Could you give back exactly the lines below from the one with "Fashion Lotus Alloy" through the one with "Natural crystal wolf", without a single picture?

***** RECORDS FOR THE EXERCISE *****

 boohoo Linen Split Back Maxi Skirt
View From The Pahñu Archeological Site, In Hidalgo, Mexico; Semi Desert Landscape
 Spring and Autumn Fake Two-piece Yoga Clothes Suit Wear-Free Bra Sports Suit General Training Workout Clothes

*****
***** RECORDS FOR THE EXERCISE *****

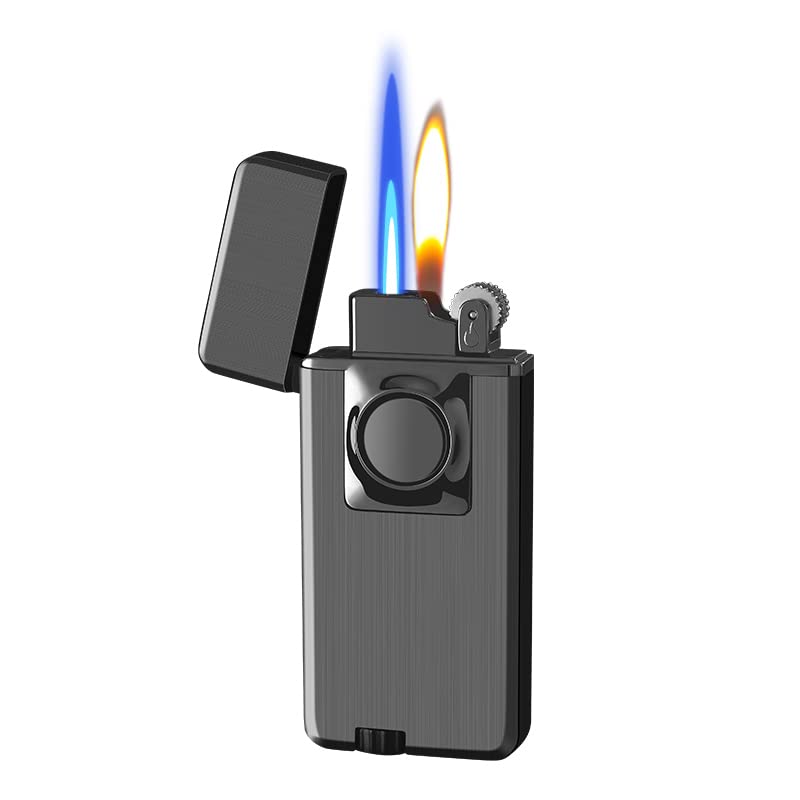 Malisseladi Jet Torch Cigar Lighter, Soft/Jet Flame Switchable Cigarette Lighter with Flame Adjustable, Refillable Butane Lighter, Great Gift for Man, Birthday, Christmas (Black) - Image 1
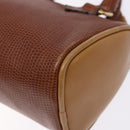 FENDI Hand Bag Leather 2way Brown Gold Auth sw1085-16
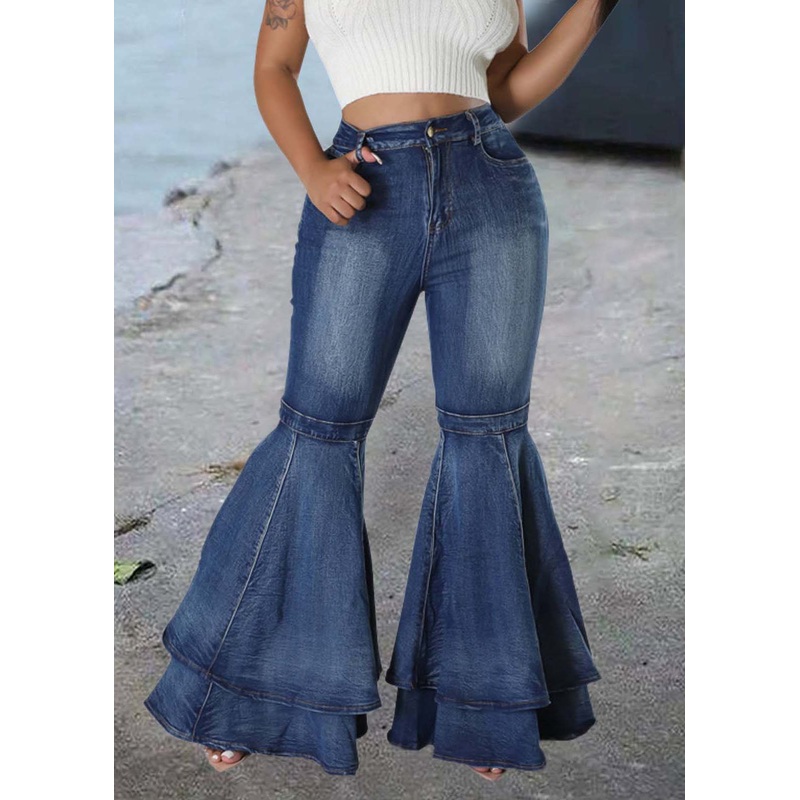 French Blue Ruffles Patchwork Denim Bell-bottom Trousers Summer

*****
***** RECORDS FOR THE EXERCISE *****

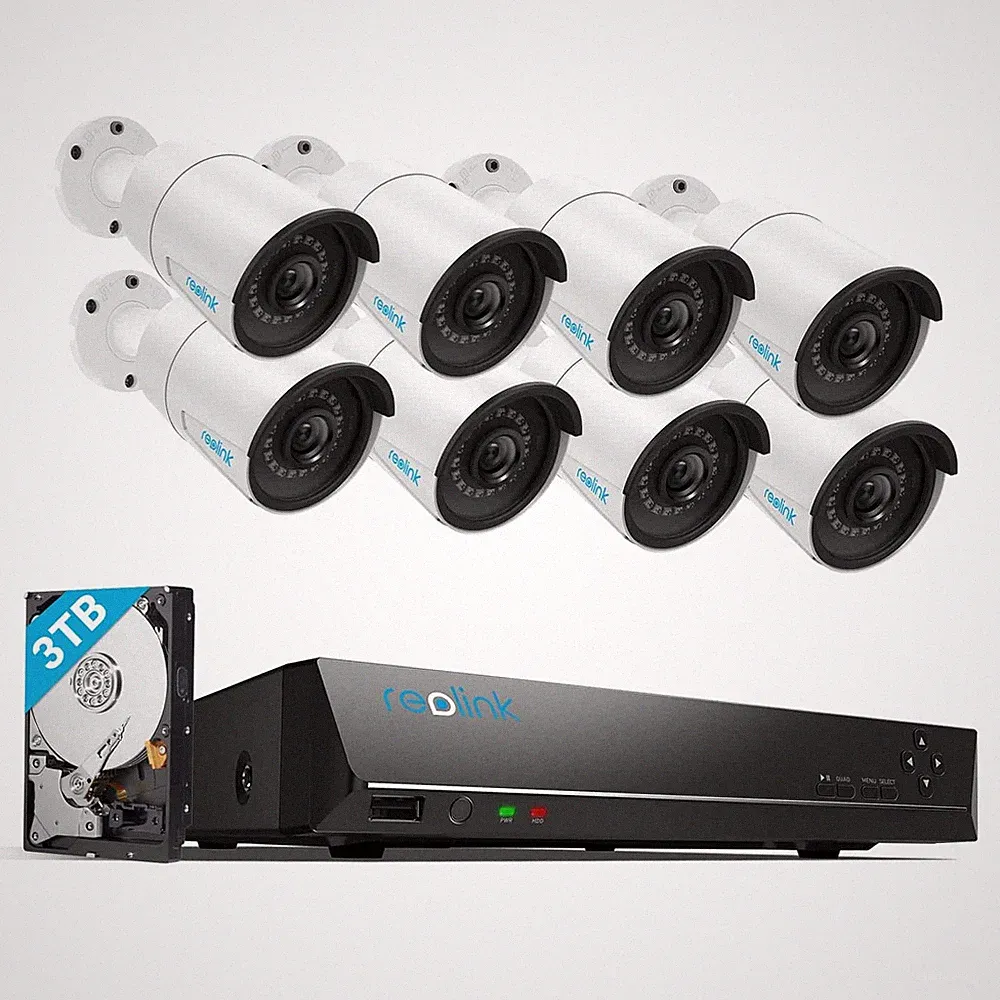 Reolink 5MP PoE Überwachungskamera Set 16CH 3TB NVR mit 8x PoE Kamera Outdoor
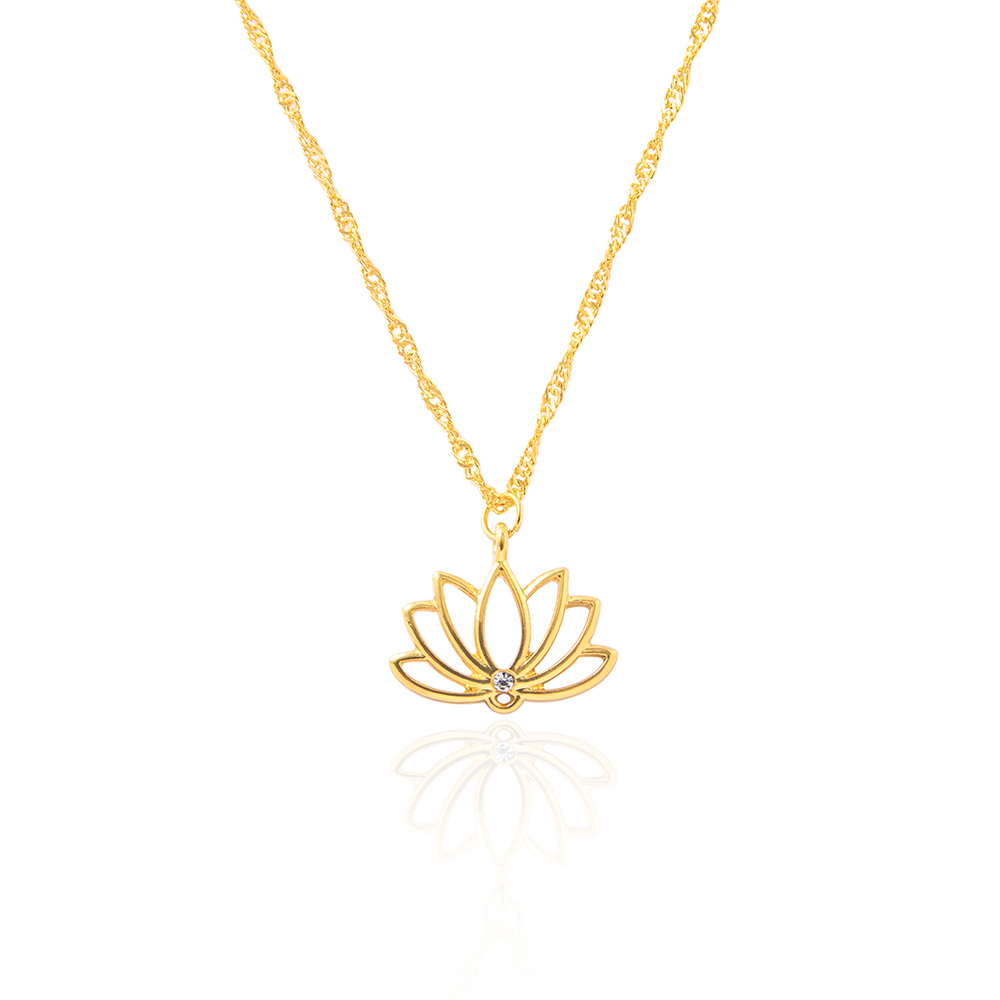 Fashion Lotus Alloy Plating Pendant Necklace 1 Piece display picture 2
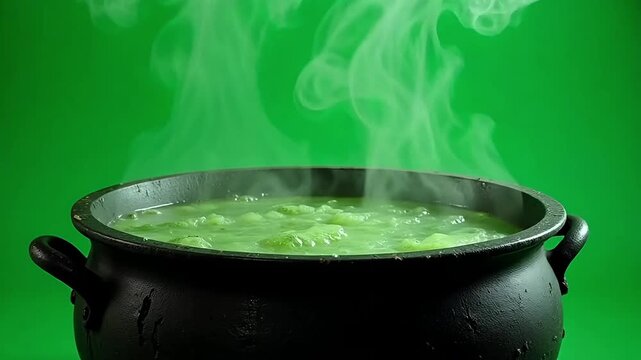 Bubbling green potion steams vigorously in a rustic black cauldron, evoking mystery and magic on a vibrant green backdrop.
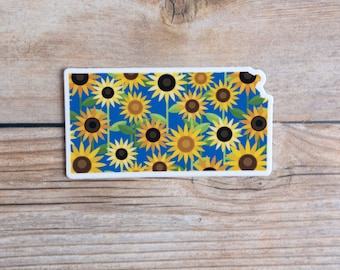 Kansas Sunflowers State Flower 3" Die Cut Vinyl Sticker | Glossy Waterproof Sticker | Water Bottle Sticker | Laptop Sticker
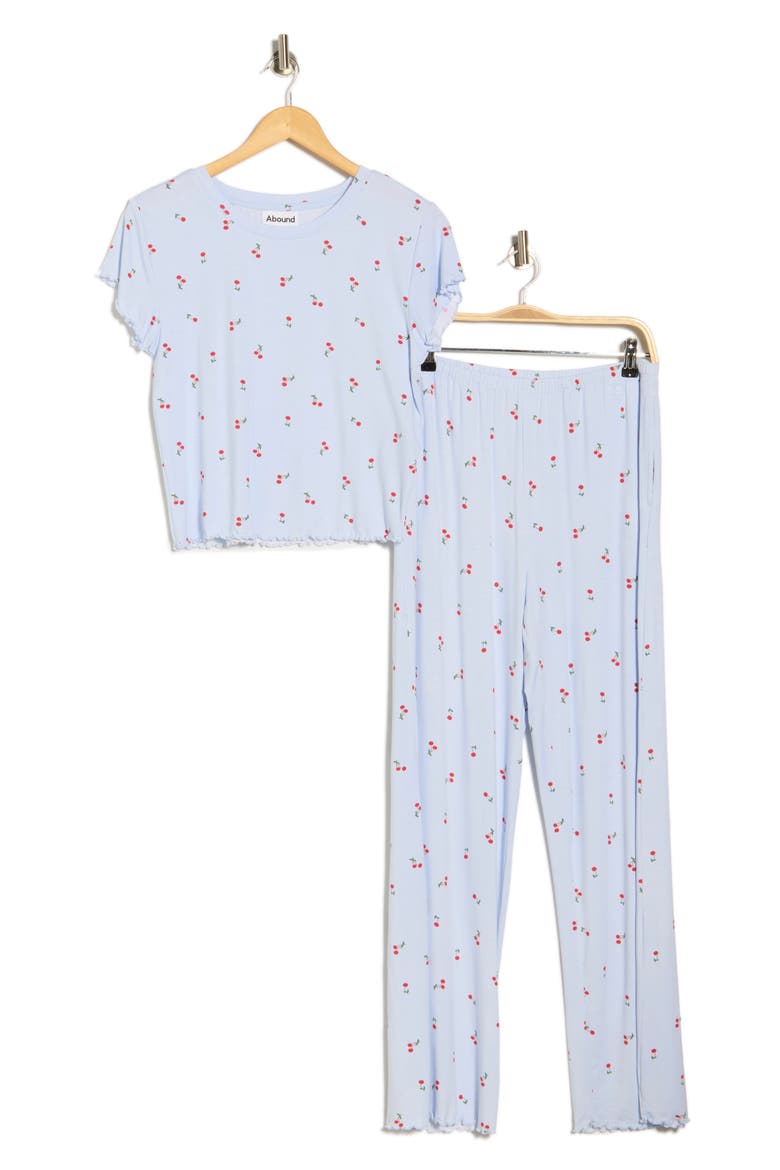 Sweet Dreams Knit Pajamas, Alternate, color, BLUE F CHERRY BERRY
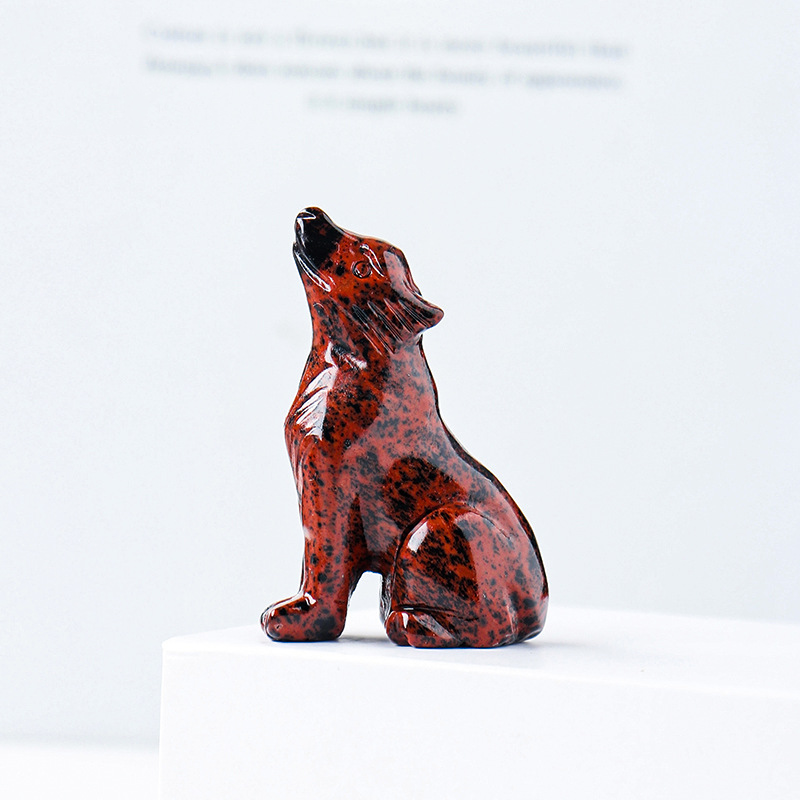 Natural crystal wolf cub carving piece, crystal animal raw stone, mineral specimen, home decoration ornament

*****

■ **TASK RESPONSE**
 Fashion Lotus Alloy Plating Pendant Necklace 1 Piece display picture 2
 Bubbling green potion steams vigorously in a rustic black cauldron, evoking mystery and magic on a vibrant green backdrop.
 Kansas Sunflowers State Flower 3" Die Cut Vinyl Sticker | Glossy Waterproof Sticker | Water Bottle Sticker | Laptop Sticker
 Sweet Dreams Knit Pajamas, Alternate, color, BLUE F CHERRY BERRY
 Natural crystal wolf cub carving piece, crystal animal raw stone, mineral specimen, home decoration ornament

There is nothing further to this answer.